Lindsay Hunter | Longreads | August 2017 | 12 minutes (3,035 words)

 

I was a kid, somewhere between age seven and 10, when our neighbor rushed in telling my mom she only weighed 129 pounds. My mom was impressed. “Oh!” the woman said. “But I weighed myself before I pooped!” They both rushed off to my parents’ bathroom, where our beige scale was kept, the one with the numbers that would swing wildly to and fro before your number locked in, staring blandly up at you despite your joy, despite your disgust. I must have weighed myself on that thing a thousand times. There was rarely joy.

Even before that day with our neighbor, I was aware of my body as mostly a disappointment, my soul’s albatross. A sexless lump I had to apologize for. I remember seeing myself in the reflection of our sliding glass doors. My friends and I were running in circles inside a kiddie pool, convinced we could make a deadly whirlpool. In the reflection my friends’ legs were toned, healthy. They wore bikinis and their flat stomachs heaved slightly with laughter. Mostly their laughing just accentuated their abs even more.
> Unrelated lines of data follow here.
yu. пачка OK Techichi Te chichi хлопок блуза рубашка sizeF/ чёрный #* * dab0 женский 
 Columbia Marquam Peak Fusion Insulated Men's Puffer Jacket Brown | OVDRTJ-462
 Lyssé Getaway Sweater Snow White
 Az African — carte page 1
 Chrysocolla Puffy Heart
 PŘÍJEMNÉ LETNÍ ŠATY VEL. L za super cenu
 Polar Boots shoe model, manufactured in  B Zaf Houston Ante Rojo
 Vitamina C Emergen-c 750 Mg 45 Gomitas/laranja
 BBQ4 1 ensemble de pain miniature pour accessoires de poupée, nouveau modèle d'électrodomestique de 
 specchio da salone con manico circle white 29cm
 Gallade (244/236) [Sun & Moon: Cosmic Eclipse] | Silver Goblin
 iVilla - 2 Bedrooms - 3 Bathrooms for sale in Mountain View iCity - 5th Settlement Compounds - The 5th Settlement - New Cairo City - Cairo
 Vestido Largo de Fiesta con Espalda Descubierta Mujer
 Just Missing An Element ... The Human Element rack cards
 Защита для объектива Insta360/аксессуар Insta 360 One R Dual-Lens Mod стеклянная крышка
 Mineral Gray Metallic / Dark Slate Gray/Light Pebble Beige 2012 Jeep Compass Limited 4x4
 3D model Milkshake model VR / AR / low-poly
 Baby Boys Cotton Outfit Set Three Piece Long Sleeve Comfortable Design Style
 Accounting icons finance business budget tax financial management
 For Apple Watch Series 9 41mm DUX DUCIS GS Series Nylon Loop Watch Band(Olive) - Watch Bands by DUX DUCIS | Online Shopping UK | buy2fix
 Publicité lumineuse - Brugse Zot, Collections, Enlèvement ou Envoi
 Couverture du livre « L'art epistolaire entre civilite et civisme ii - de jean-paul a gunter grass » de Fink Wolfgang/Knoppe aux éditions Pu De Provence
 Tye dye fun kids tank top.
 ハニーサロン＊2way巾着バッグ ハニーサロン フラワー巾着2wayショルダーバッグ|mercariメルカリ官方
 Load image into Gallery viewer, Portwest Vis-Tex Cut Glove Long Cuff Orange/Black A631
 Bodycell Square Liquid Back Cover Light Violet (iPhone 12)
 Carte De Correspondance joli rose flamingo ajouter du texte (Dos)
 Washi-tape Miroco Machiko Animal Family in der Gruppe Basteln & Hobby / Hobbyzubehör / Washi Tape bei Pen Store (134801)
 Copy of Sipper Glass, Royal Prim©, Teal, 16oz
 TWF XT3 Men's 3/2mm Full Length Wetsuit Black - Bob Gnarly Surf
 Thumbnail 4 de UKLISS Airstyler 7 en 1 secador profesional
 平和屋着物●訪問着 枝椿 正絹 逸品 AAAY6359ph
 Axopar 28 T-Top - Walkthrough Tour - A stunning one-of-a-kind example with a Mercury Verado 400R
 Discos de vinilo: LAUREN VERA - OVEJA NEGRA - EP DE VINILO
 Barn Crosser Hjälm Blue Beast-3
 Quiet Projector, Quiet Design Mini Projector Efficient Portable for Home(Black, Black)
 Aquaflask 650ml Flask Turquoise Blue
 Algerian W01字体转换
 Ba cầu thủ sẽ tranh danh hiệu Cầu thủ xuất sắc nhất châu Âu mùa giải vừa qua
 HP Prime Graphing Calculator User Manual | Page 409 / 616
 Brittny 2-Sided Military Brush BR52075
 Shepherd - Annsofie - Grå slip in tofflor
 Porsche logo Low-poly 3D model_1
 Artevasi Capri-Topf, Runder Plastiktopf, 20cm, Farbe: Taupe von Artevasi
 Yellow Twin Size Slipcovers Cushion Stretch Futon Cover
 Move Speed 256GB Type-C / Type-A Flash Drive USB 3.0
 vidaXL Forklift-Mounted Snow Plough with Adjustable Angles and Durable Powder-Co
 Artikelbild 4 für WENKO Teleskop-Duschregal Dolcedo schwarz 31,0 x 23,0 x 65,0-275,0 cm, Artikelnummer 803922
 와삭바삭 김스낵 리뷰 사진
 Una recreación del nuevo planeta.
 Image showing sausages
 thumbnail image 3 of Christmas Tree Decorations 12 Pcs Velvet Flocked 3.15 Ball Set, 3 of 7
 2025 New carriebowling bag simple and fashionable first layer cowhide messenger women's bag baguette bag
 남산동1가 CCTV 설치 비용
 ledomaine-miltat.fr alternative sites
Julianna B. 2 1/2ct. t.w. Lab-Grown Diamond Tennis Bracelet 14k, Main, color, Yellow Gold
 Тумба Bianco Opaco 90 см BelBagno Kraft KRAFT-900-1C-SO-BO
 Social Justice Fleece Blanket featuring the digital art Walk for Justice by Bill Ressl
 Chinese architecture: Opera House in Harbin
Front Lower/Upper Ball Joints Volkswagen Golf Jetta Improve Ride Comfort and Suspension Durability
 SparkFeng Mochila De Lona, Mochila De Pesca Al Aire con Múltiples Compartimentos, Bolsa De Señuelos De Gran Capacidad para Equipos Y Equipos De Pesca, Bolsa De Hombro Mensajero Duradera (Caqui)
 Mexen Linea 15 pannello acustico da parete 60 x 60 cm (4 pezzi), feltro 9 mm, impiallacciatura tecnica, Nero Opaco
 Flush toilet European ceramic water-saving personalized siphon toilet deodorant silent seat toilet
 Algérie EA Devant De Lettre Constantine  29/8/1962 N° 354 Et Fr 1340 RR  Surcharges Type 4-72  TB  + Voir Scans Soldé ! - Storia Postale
My friends did gymnastics, cheerleading, softball. My friends did. I saw how my belly stuck out, like a beer gut, something I’d read about in a library book. My thighs jiggled. Playing sports amplified my uselessness; I sweated too much and I couldn’t manage to do anything with grace. I worried a lot about grace, my lack of it. Chicken and the egg: was my form, my essence, preventing me from being active, or were my static days, the Florida heat bleating harshly from pre-dawn to post-dusk, the cause of my worthless body?

I was different from my friends in this way, and it didn’t feel like a harmless difference. I began sucking in my stomach whenever I was in a bathing suit. My friend’s mother complimented me. “You lost weight, I see!” She looked me up and down, approving. I felt like I was glowing. I was in third grade.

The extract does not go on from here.